Yale officials acknowledged to Inside Higher Ed that a student was briefly detained and then released. A spokeswoman declined to confirm that the student was Tahj Blow, the son of Charles Blow, or that he was held at gunpoint.

A spokeswoman said that Yale’s police department would review what happened, and she described the events that led to a student being detained.

She said that students in one of Yale’s residential colleges – which has experienced burglaries in the past week – reported that an individual had been entering rooms under false pretences. Students described the suspect as a tall African American male, college aged and wearing a black jacket. That description was sent to campus police, the spokeswoman said, and was the reason the student was detained.

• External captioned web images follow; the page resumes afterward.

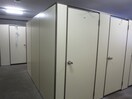 その他 パ－クヒルズ南１０条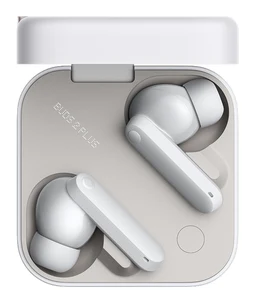 CMF Buds 2 Plus Review (2026): LDAC Value for Android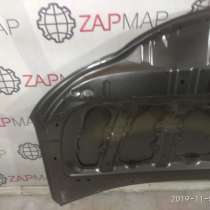 5330102300 Toyota Corolla E160, E170, E XI, в г.Баку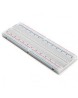 Louiwill Sin Soldadura Plug In BREADBOARD...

After the student was released, a suspect was arrested.

Other incidents in the past year in which alleged racial profiling by campus police or police of college towns has been an issue in the US:

  • In December, essays by two Vassar College professors that, among other things, discussed the way they were treated by local police, attracted wide attention. The headline on one of the essays – “My Vassar College Faculty ID Makes Everything OK” – focused on the way the authors write that black people are suspected until they can demonstrate a connection to the college.
  • In June last year, a black professor at Arizona State University was arrested by campus police in an incident that was prompted by jay-walking that the professor’s supporters said would never have led to the questioning of white faculty member. Video showing the campus police body-slamming the professor attracted widespread concern. The professor is now suing Arizona State, which is moving to fire the police officer in the incident.
  • In July last year, the University of California at Los Angeles agreed to pay $500,000 (£332,000) to settle complaints of use of excessive force and racial profiling against a black judge during a traffic stop. The UCLA Black Alumni Association will receive $350,000 of the payment, to be used for scholarships. UCLA also agreed to hold a one-day forum on police-community relations. The case was detailed in an article in The Los Angles Times.
  • A year ago, black student and faculty groups at the University of Minnesota-Twin Cities asked the police there to stop using racial descriptions in crime alerts, saying that such descriptions encouraged racial profiling. The university denounced racial profiling but declined to change the way it described suspects in crime alerts.